Campi Flegrei, nome greco che significa terra di fuoco, pongo alla vostra attenzione la seguente carta geografica, dove è riportata l’attività sismica del mese di maggio 2026. Il sollevamento del suolo da gennaio 2025 è di circa 1 cm al mese. Con immediatezza si vede la concentrazione di caldere vulcaniche in tutto il territorio, che teoricamente potrebbero produrre terremoti ed eruzioni. La distribuzione degli epicentri dei terremoti, verificatesi nello scorso mese di maggio disegna una caldera per metà emersa. Il quadro del fenomeno è in evoluzione e presenta elementi nuovi rispetto al passato, secondo quanto illustrato, in questi giorni, dal prof. Giuseppe Luongo, per lungo tempo direttore dell’Osservatorio Vesuviano, oggi INGV. Un importante e doveroso inciso. L’Osservatorio Vesuviano è il più antico osservatorio vulcanologico del mondo, fondato da Ferdinando II di Borbone a succedergli fu il figlio, ultimo re del Regno delle due Sicilie Francesco, meglio noto come Franceschiello. Le sue radici affondano ancora più indietro nel tempo poiché in Campania non sono mai mancati eventi, basti pensare all’eruzione dei Campi Flegrei del 1531 che porta alla luce il Monte Nuovo. Da sempre l’osservatorio ha monitorato le zone della Campania critiche senza dimenticarsi nemmeno delle Mefiti già note a Virgilio che nell’Eneide dice che è la porta per arrivare all’Inferno. Il professore Giuseppe Luongo, profondo conoscitore dei luoghi, già professore di Geofisica e Vulcanologia presso il dipartimento di Scienze della Terra della Facoltà di Geologia dell’Università “Federico II” di Napoli, difatti non si aspettava la scossa di Magnitudo 4,7 dello scorso venerdì 31 luglio, con epicentro a profondità 2, 6 km e a notevole amplificazione al suolo che ha provocato scuotimento di tutto quanto presente al di sopra: fabbricati, infrastrutture e versanti che hanno generato frane. Questo, in estrema sintesi, per quanto concerne la descrizione scientifica del fenomeno.

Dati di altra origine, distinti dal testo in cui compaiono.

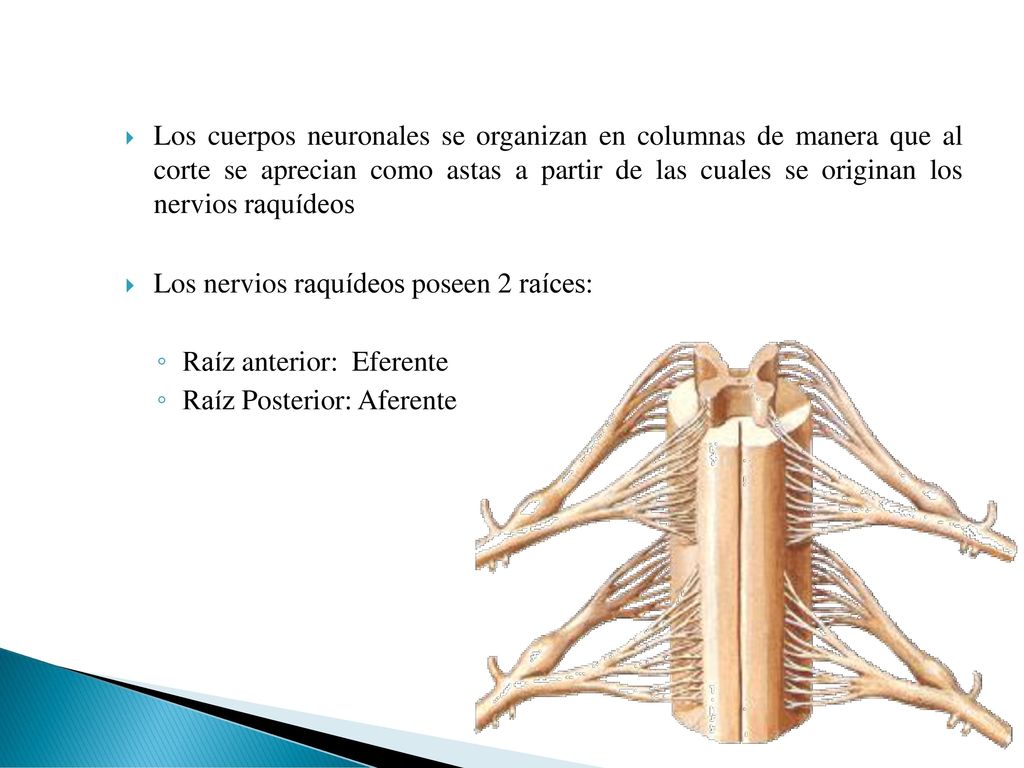 Los cuerpos neuronales se organizan en columnas de manera que al corte se aprecian como astas a partir de las cuales se originan los nervios raquídeos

Tutto il territorio è di estrema bellezza e abitato da millenni. Dal nome che i Greci avevano dato a questi luoghi si capisce molto.
Ieri è stato un giorno importante, il ministro Piantedosi è stato sui luoghi, è seguito un summit con la Protezione Civile e uno stanziamento di 100 milioni di euro. La popolazione aspetta di sapere quale potrebbe essere il proprio futuro e, come e cosa fare in caso di estrema necessità.
A valle di tutti gli studi e il monitoraggio, da cui ogni decisione deve scaturire, è necessario prendere provvedimenti per mettere la popolazione al “sicuro“. Lo scenario parla da solo e ogni altra parola è superflua. In ultimo, ma solo per dovere di sintesi, voglio ricordare la Legge Colombo, che fu votata all’unanimità, per il risanamento dei Sassi di Matera, durante uno dei governi di Alcide De Gasperi. Parliamo dei tempi della Riforma Agraria del Piano Marshall. Oggi la città di Matera e i Sassi sono sito Unesco, visitati da migliaia di turisti provenienti da tutto il mondo. Certo i numeri dei Campi Flegrei sono molto diversi, anche i tempi lo sono. Grandi problemi necessitano di grandi decisioni.
Doverosi ringraziamenti vanno a tutta la Comunità dei Geologi che è stata fonte di ispirazione per la stesura dell’articolo.